五十九話 問いかけ
帝国城正面門前に広がる中央広場にて、ヌチーカウニ―の人造人間兵とサセッタ本部隊が激突する。
人造人間兵は未知なる新人類セリアンスロープと―――。
サセッタは人類の技術結晶によって生み出された人造人間と―――。
相まみえるは、どちらもHKVという致死率100%の殺人ウイルスが世界に蔓延したことによって、人間から分岐した異なる存在。

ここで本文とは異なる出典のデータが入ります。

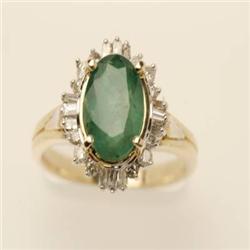 Genuine 2.95 ctw Emerald & Diamond 14K Yellow Gold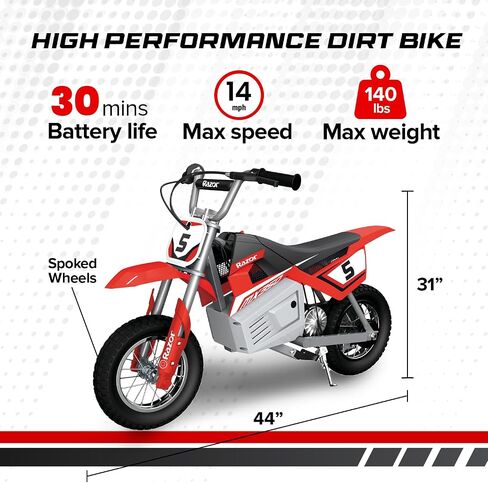 الدراجة الترابية الكهربائية Razor MX350 Dirt Rocket 24 فولت للأطفال بعمر 13 عامًا فما فوق مع محرك عزم دوران عالي وإطارات هوائية ذات مقابض، باللون الأحمر in Kuwait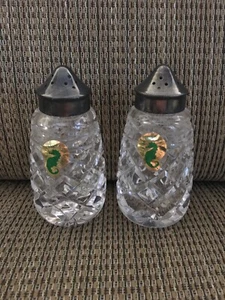 Waterford Crystal Glandore Salt Pepper Shakers Silverplate Tops Set 3.75" EPNS - Picture 1 of 12
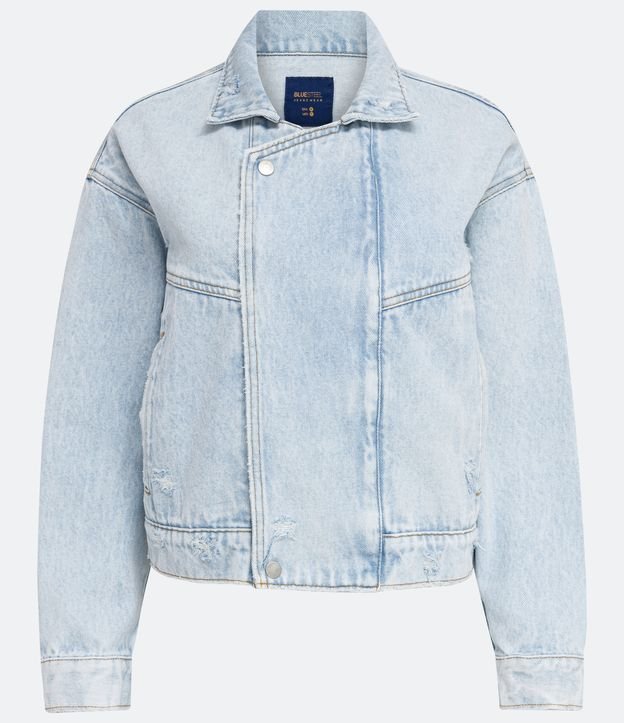 Campera Biker Jeans con Cierre de Cremallera con Gastados y Bolsillos Azul 7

ヒトを装い、人を凌駕した力がぶつかり合い、帝国城を中心にして広がる広場は混沌と化す。
バザルトで固められた地面は欠けて剥がれゆく。
観葉樹や植樹帯は赤く染まり、炭へと変わる。
セリアンスロープは躰を異形の形へと変貌させ百人百様、千差万別の攻撃を。
人造人間兵は遠距離からレーザー銃を、近接戦闘では万物を切り裂く電子剣を。
夜空に映るは鮮血のしぶき。
地に落ちるは金属塊。
一進一退の攻防が生死の天秤を揺らす。
そして、徐々にその均衡が崩れ始める。
「くッ! マズいぞ!! 押され始めてる!」
羽をはばたかせながら上空を旋回するのは、ミラージ隊の副隊長コロンヌだ。
嘴を鋭くとがらせ、瞳は猛鳥類のそれと同じように爛々と光らせている。
コロンヌの他にも数百人の同志が上空を飛び回っている。
自らに向けられて放たれるレーザーを回避しながら、状況を見つつ劣勢の戦線があれば上空から援護射撃を行っていた。
だが、それも時間が経つにつれ焼け石に水。
一時的な足止めにはなるものの、やはり手数の多い帝国側が遅効性の毒のようにじわりじわりとサセッタの陣営を蝕んでいく。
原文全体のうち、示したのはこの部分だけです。